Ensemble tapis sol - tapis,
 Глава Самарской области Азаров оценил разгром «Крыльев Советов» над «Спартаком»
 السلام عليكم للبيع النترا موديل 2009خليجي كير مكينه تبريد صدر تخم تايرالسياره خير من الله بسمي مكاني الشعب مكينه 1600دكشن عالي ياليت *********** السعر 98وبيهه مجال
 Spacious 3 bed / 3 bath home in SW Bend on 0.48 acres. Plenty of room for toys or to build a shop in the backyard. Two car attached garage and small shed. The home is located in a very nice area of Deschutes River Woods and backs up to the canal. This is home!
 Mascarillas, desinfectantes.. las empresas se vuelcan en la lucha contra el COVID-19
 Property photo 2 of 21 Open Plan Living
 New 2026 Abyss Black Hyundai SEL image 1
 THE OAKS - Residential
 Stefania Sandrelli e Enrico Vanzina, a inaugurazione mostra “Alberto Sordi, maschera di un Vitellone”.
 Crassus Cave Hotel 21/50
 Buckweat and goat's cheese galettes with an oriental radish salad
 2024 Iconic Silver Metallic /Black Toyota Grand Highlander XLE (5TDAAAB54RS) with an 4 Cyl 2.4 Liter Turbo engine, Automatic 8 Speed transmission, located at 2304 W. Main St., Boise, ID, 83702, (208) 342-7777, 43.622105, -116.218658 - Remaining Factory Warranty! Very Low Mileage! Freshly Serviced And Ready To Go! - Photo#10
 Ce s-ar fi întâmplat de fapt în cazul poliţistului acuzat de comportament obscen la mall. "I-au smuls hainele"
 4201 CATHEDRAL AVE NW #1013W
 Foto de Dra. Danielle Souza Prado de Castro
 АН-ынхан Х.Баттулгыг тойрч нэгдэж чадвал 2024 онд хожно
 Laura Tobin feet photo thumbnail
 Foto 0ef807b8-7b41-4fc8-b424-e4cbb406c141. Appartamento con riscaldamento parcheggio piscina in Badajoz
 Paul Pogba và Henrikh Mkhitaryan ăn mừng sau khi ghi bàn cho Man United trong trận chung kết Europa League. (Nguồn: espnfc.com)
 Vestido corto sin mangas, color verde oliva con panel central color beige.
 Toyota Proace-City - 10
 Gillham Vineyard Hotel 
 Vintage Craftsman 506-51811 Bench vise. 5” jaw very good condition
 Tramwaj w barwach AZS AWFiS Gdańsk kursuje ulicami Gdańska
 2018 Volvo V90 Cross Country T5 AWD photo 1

#####

* **WORK ORDER**: Look through the entries above, and wherever a line holds the word "Foto", copy it.

* **ANSWER TO THE EXERCISE**:
 Foto de Dra. Danielle Souza Prado de Castro
 Foto 0ef807b8-7b41-4fc8-b424-e4cbb406c141. Appartamento con riscaldamento parcheggio piscina in Badajoz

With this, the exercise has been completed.